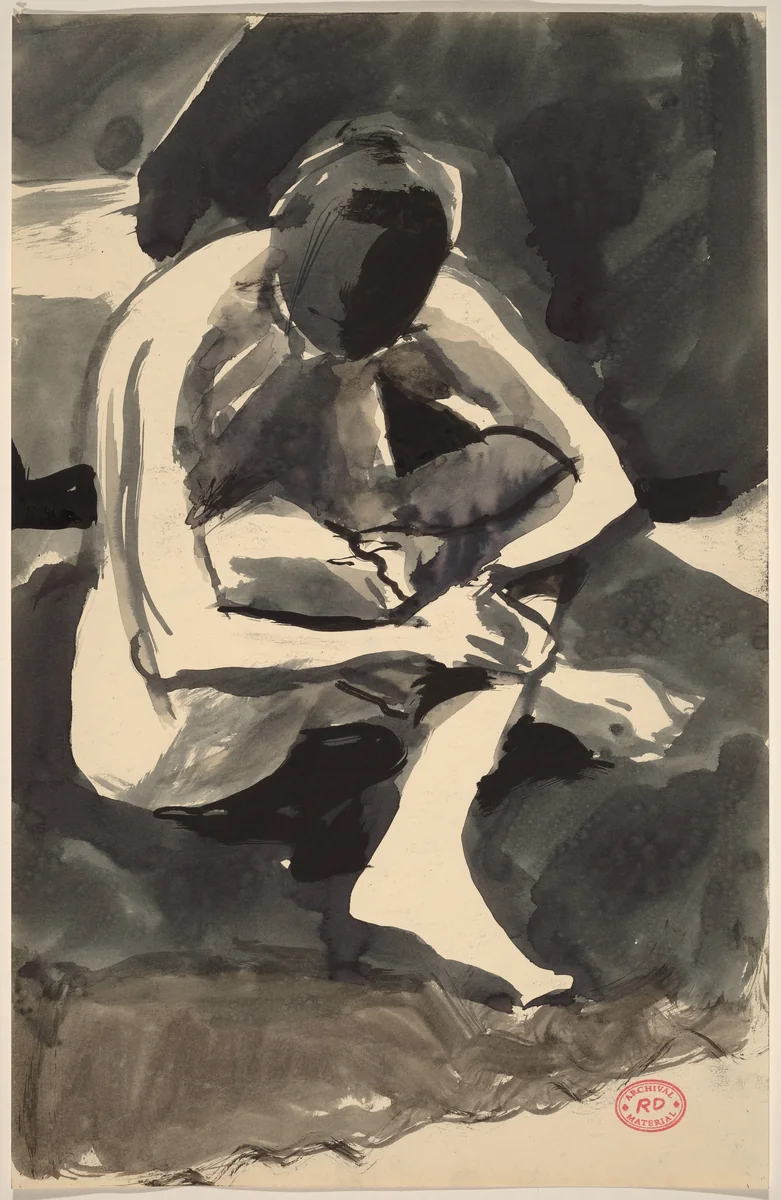 Untitled [seated nude embracing her crossed legs] by Richard Diebenkorn, drawing, 1955-1967
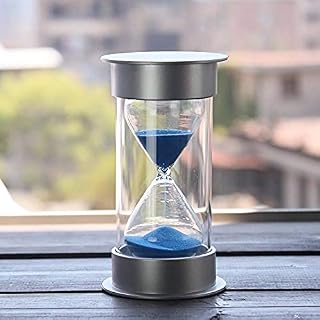 5 Minutes Hourglass,Siveit Modern Sand Timer with Blue Sand for Mantel Office Desk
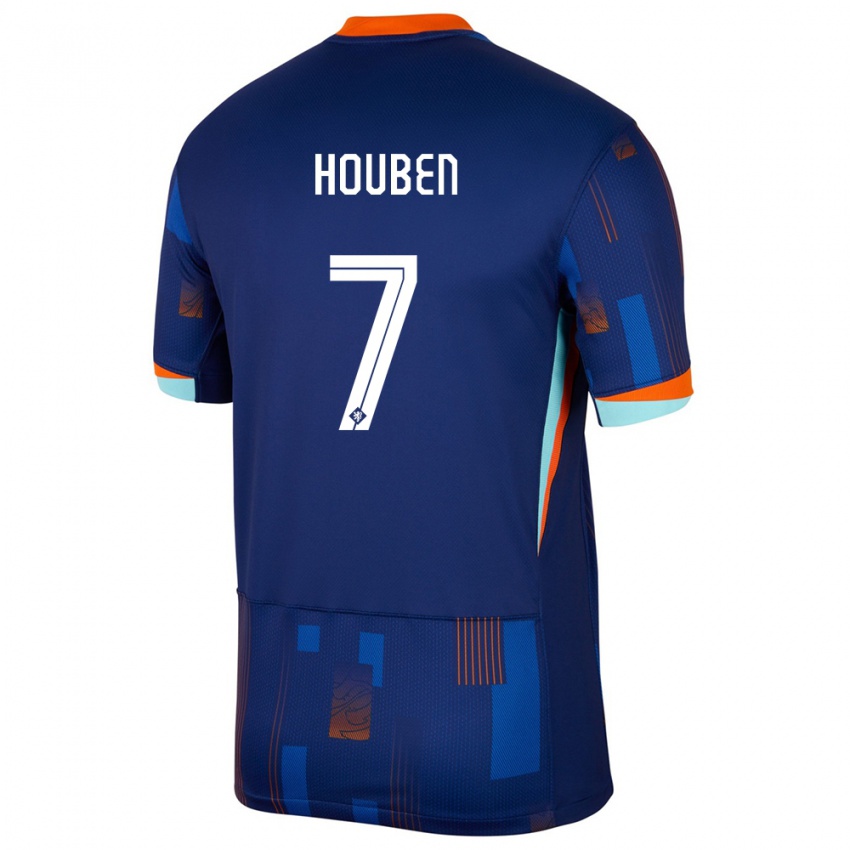 Kinder Niederlande Iggy Houben #7 Blau Auswärtstrikot Trikot 24-26 T-Shirt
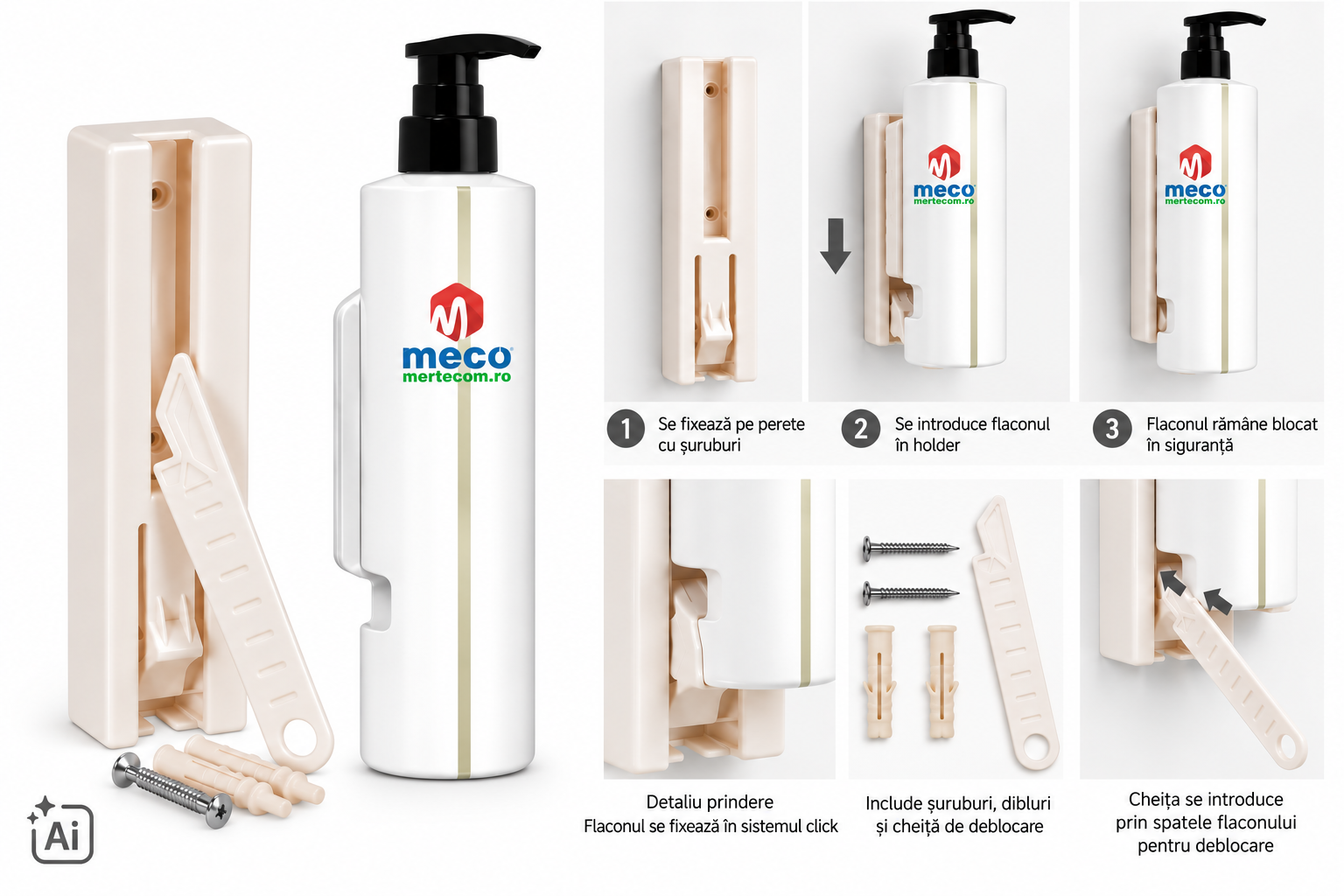Holder Click-On pentru dispenser Sense 360ml - imagine 2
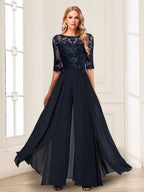 Vianne navy blue front view mother of the bride outfit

---*---

### ABOUT THIS TASK
Once the pictures are removed, reproduce the remaining entries above exactly.

### WRITTEN RESPONSE
 Untitled [seated nude embracing her crossed legs] by Richard Diebenkorn, drawing, 1955-1967
 5 Minutes Hourglass,Siveit Modern Sand Timer with Blue Sand for Mantel Office Desk
 Kinder Niederlande Iggy Houben #7 Blau Auswärtstrikot Trikot 24-26 T-Shirt
Holder Click-On pentru dispenser Sense 360ml - imagine 2
 Vianne navy blue front view mother of the bride outfit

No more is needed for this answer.